By noon, the building had chosen sides. Friends became busy. Rivals became generous. A clerk who had smiled yesterday would not meet Rowan's eyes today. The shift was too coordinated to be natural, and that meant the enemy was no longer testing them from a distance. The enemy had started making room for a public fall.

Nora wanted to move fast. Rowan wanted to move correctly. The argument between them was sharp enough to sound like betrayal to anyone listening through the door. That was partly why Rowan let it continue. People revealed more when they thought a partnership was cracking, and by the time the shouting stopped, three watchers had leaned close enough to be remembered.

The first confrontation happened in the east stairwell. a court banker did not raise a voice. People with real power rarely wasted volume. They offered sympathy, then a warning, then a choice designed to look merciful from the outside. Rowan listened until the offer became a confession by accident. A single careless phrase told them which file mattered most.

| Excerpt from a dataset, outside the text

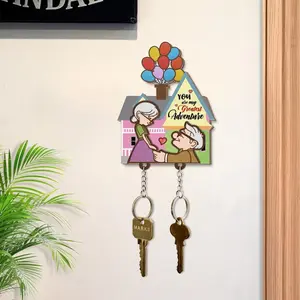 Personalized Couple Up House Keychain, Couple Key Holder, Anniversary Gift Idea, Gift for Couples, Up Movie Inspired Keychain, New Home Gift..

For one bright minute, it seemed they had won. Rowan recovered the missing record, Nora forced a witness to speak, and the room that had been closing around them opened just wide enough for air. Then the witness looked at the recovered page and went pale. "This is not the original," the witness whispered. "This is the version they wanted you to find."

The false record changed everything. It meant the leak was closer than expected. It meant the enemy understood Rowan's methods. Worst of all, it meant the rescue, the argument, and even the apparent mistake had been part of a larger hand moving pieces across the board. Rowan felt anger arrive cold and useful, the kind that did not burn out quickly.

That evening, Rowan and Nora returned to Ravenmere through an entrance nobody used unless they wanted to avoid cameras. The lights inside were off, but the lock was warm from recent use. Somewhere above them, a phone vibrated once, stopped, then vibrated again. The message on the screen contained only four words: We know chapter 89.

They should have left then. Instead, Rowan opened the door, because retreat had become another name for letting someone else write the ending. Inside waited a torn receipt, placed carefully beneath a lamp that had not been there an hour ago. Beside it sat a second object that made Nora stop breathing for half a second.

The object connected phase 9 of the fight to something older than the current scandal. the first victory was arranged to expose them. Rowan understood the next move just before the hallway lights snapped on behind them. Footsteps filled the corridor, too many to belong to security, and someone on the other side of the door began to clap slowly.